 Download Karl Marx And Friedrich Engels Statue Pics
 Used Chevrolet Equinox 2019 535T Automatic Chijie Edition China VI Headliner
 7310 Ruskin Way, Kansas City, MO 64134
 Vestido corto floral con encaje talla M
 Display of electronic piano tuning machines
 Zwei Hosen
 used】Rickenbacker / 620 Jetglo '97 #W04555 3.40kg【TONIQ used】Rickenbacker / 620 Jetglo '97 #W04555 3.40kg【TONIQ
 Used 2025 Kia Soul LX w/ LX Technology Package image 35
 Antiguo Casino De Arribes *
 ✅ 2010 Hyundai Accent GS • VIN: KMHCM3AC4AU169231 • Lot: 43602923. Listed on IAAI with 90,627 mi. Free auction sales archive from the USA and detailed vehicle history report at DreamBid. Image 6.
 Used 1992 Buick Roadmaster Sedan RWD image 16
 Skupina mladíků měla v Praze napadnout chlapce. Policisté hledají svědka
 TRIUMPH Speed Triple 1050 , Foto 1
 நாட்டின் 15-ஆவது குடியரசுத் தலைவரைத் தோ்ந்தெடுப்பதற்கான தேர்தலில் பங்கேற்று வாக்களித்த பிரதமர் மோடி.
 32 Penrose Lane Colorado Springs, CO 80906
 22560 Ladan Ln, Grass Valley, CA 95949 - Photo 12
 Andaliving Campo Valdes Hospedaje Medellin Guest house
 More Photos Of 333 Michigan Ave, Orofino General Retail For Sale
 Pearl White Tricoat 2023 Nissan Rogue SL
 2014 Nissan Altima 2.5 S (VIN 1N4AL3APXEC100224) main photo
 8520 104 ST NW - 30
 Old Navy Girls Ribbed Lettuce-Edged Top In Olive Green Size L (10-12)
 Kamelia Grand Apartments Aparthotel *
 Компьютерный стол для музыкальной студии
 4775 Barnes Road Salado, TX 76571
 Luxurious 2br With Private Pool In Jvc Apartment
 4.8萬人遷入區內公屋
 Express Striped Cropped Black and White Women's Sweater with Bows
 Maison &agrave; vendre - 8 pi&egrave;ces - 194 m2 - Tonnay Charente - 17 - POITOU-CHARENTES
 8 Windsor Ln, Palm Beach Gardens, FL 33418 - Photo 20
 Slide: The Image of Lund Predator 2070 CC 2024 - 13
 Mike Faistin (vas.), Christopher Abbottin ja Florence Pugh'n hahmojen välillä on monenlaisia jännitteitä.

========================

#### What the exercise asks
Copy range, inclusive: the line holding "Skupina mladíků měla" to the line holding "Компьютерный стол для музыкальной студии". Reproduce exactly those lines of the records above and no others.

#### Task result
 Skupina mladíků měla v Praze napadnout chlapce. Policisté hledají svědka
 TRIUMPH Speed Triple 1050 , Foto 1
 நாட்டின் 15-ஆவது குடியரசுத் தலைவரைத் தோ்ந்தெடுப்பதற்கான தேர்தலில் பங்கேற்று வாக்களித்த பிரதமர் மோடி.
 32 Penrose Lane Colorado Springs, CO 80906
 22560 Ladan Ln, Grass Valley, CA 95949 - Photo 12
 Andaliving Campo Valdes Hospedaje Medellin Guest house
 More Photos Of 333 Michigan Ave, Orofino General Retail For Sale
 Pearl White Tricoat 2023 Nissan Rogue SL
 2014 Nissan Altima 2.5 S (VIN 1N4AL3APXEC100224) main photo
 8520 104 ST NW - 30
 Old Navy Girls Ribbed Lettuce-Edged Top In Olive Green Size L (10-12)
 Kamelia Grand Apartments Aparthotel *
 Компьютерный стол для музыкальной студии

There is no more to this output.